**Data extracted from a collection:**
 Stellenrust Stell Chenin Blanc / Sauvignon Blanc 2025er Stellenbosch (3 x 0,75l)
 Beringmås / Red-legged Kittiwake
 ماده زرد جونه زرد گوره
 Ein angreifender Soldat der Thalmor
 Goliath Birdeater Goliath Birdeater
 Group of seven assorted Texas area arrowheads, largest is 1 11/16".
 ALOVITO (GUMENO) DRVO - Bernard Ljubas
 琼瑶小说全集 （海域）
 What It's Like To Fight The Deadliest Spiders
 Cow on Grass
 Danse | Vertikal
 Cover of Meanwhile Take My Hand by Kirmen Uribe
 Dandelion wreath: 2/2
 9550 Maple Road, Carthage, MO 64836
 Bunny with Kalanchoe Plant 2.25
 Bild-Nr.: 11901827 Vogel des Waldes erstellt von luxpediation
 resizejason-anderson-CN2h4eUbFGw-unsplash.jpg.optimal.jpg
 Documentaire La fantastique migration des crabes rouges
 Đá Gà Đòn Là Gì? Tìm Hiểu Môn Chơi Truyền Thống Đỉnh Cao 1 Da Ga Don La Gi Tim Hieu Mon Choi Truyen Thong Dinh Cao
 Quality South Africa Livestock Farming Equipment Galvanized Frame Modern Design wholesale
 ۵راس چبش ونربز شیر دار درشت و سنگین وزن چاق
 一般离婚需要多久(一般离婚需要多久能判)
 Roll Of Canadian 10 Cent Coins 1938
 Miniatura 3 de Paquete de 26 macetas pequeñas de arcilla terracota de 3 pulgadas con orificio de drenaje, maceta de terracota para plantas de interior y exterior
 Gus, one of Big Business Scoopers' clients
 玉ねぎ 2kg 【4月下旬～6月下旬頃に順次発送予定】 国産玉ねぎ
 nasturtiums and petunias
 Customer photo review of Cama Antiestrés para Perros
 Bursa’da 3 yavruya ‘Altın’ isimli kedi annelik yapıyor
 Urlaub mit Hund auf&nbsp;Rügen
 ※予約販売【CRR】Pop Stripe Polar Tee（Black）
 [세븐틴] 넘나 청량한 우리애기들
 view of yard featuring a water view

**Problem to work on:**
Repeat exactly the lines from the one containing "一般离婚需要多久(一般离婚需要多久能判)" to the end of the records.

**Expected output:**
 一般离婚需要多久(一般离婚需要多久能判)
 Roll Of Canadian 10 Cent Coins 1938
 Miniatura 3 de Paquete de 26 macetas pequeñas de arcilla terracota de 3 pulgadas con orificio de drenaje, maceta de terracota para plantas de interior y exterior
 Gus, one of Big Business Scoopers' clients
 玉ねぎ 2kg 【4月下旬～6月下旬頃に順次発送予定】 国産玉ねぎ
 nasturtiums and petunias
 Customer photo review of Cama Antiestrés para Perros
 Bursa’da 3 yavruya ‘Altın’ isimli kedi annelik yapıyor
 Urlaub mit Hund auf&nbsp;Rügen
 ※予約販売【CRR】Pop Stripe Polar Tee（Black）
 [세븐틴] 넘나 청량한 우리애기들
 view of yard featuring a water view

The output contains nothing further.